Complex Regional Pain Syndrome

This relatively rare pain syndrome usually occurs from injuring the peripheral nerves that extend to the arms and legs. Within 24 hours after experiencing such an injury, a person may feel a severe burning pain in their hand or foot (depending on the nerve that is damaged), with increased pain from any stimulation to the area .

Over time, the affected limb can become cold and pale and undergo changes to the skin, hair and nails. Other symptoms include swelling, stiffness, increased or decreased blood flow due to dilation and constriction of vessels, changes in sweating, and tapered fingers. Once outward physical changes are noticeable, the condition may be irreversible.

Complex regional pain syndrome occurs in two forms, both similar but with different causes.

  • Type 1 (reflex sympathetic dystrophy syndrome) occurs when the nerves in the affected limb were not directly damaged and accounts for a predominant majority of people who experience complex regional pain syndrome.
  • Type 2 (causalgia ) occurs when an injury or illness directly damages the affected nerve and accounts for about one in every 10 cases of complex regional pain syndrome.

Diagnosing Complex Regional Pain Syndrome
No single test can definitively diagnose this condition. After performing a thorough medical history and physical examination, several tests may be ordered:

    • Bone scans  detect changes in the bone
    • Sympathetic nervous system tests look for disruption in nerve signaling
    • Thermography measures temperature differences across the affected limb
    • Sweat tests compare the amounts of salt chemicals in the affected and non-affected limb s
    • X-rays  determine loss of bone minerals
    • Magnetic resonance imaging  (MRI) shows any tissue changes.

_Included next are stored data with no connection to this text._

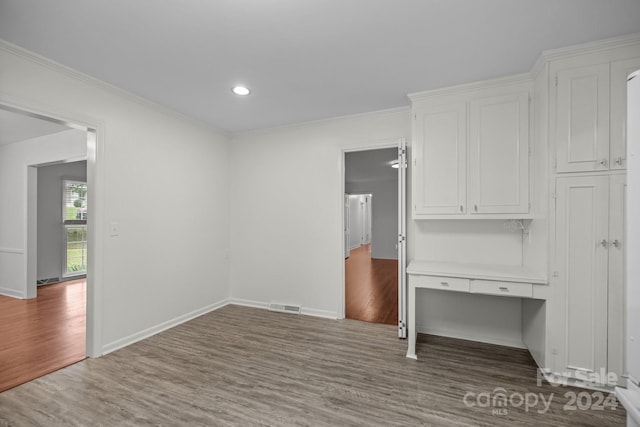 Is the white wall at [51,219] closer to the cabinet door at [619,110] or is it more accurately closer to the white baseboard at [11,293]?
the white baseboard at [11,293]

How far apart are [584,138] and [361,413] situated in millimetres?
2579

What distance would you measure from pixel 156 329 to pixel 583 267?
408 centimetres

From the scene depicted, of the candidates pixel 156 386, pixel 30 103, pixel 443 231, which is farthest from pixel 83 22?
pixel 443 231

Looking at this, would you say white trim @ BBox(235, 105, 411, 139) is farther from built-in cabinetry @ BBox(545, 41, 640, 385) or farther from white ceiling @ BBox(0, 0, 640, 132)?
built-in cabinetry @ BBox(545, 41, 640, 385)

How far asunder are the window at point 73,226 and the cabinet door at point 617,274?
8.31 meters

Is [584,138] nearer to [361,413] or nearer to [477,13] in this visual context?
[477,13]

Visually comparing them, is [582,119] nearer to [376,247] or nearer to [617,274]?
[617,274]

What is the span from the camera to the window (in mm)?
5965

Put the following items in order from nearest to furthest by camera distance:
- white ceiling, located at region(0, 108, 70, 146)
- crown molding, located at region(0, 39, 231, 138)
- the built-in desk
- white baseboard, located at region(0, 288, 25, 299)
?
crown molding, located at region(0, 39, 231, 138) < the built-in desk < white ceiling, located at region(0, 108, 70, 146) < white baseboard, located at region(0, 288, 25, 299)

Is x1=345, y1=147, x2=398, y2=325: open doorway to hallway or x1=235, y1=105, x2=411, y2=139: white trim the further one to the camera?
x1=345, y1=147, x2=398, y2=325: open doorway to hallway

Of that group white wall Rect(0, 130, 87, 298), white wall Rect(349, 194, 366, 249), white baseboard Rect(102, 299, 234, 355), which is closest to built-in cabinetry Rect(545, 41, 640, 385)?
white baseboard Rect(102, 299, 234, 355)

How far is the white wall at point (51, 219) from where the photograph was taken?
5.54m

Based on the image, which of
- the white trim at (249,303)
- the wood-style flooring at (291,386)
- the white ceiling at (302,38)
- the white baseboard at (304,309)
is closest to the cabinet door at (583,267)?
the wood-style flooring at (291,386)

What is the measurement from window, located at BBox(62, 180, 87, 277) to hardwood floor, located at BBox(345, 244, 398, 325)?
228 inches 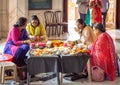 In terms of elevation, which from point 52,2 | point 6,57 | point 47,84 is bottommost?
point 47,84

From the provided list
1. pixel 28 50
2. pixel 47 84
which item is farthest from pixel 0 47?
pixel 47 84

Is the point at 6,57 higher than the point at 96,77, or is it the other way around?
the point at 6,57

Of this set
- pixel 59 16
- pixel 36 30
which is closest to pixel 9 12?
pixel 59 16

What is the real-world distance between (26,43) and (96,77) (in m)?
1.38

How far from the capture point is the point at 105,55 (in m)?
5.12

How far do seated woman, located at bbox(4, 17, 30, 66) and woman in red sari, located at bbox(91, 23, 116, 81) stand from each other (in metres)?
1.16

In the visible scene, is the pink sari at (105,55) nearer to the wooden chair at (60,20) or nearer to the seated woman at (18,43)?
the seated woman at (18,43)

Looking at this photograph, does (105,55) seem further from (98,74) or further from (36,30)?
(36,30)

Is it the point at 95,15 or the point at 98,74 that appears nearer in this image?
the point at 98,74

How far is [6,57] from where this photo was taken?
509cm

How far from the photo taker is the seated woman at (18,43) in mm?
5262

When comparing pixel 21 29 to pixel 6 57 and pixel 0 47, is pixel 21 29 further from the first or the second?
pixel 0 47

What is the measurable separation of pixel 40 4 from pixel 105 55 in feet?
18.8

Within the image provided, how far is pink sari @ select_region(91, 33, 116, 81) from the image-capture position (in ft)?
16.7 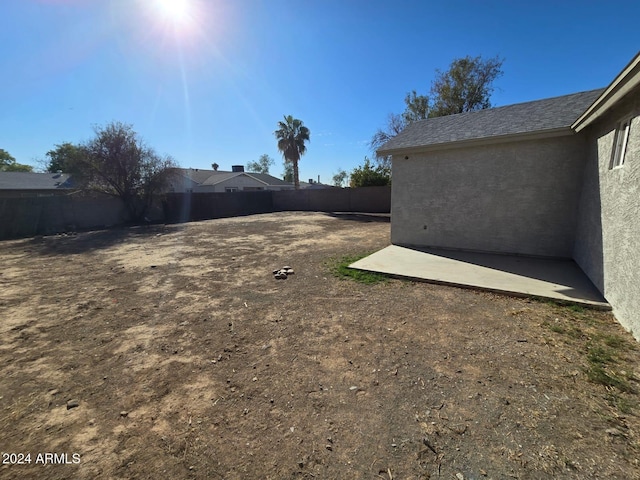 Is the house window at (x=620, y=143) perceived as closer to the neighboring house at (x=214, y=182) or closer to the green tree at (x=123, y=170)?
the green tree at (x=123, y=170)

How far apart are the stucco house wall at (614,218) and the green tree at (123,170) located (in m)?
18.4

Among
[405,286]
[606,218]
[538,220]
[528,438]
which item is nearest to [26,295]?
[405,286]

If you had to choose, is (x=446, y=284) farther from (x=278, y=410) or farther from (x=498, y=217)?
(x=278, y=410)

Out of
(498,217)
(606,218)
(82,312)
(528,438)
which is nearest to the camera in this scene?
(528,438)

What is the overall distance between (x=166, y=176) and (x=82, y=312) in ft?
47.0

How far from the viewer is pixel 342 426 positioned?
1933mm

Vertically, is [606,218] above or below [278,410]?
above

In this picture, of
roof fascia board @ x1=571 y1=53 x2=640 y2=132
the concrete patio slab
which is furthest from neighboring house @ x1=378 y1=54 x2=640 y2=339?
the concrete patio slab

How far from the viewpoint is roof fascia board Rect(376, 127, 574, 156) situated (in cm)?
521

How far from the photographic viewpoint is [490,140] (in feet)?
A: 19.3

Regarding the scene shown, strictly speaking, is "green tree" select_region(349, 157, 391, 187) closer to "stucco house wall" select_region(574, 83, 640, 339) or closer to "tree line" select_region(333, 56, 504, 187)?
"tree line" select_region(333, 56, 504, 187)

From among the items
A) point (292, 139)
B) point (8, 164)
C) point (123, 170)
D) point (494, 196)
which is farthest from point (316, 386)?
point (8, 164)

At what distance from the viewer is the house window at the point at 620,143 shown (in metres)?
3.36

Treating Complex Regional Pain Syndrome

In cases where treatment is started early, improvement and even remission are possible. Doctors use various medications to treat the symptoms of complex regional pain syndrome:

  • Over-the-counter pain relievers (aspirin, ibuprofen, naproxen), antidepressants and anticonvulsants (amitriptyline, gabapentin) and intravenous ketamine to alleviate pain
  • Corticosteroids (prednisone) to help reduce inflammation
  • one-loss medications (alendronate) to prevent or slow bone loss
  • Sympathetic nerve-blocking medications (anesthetic) to block pain fibers in affected nerves

Other beneficial therapies may include applying heat and cold to relieve swelling and sweating, topical analgesics to help reduce hypersensitivity, physical therapy to help decrease pain and improve range of motion and strength, transcutaneous electrical nerve stimulation (TENS) and spinal cord stimulation to apply electrical impulses to nerve endings to reduce pain and biofeedback.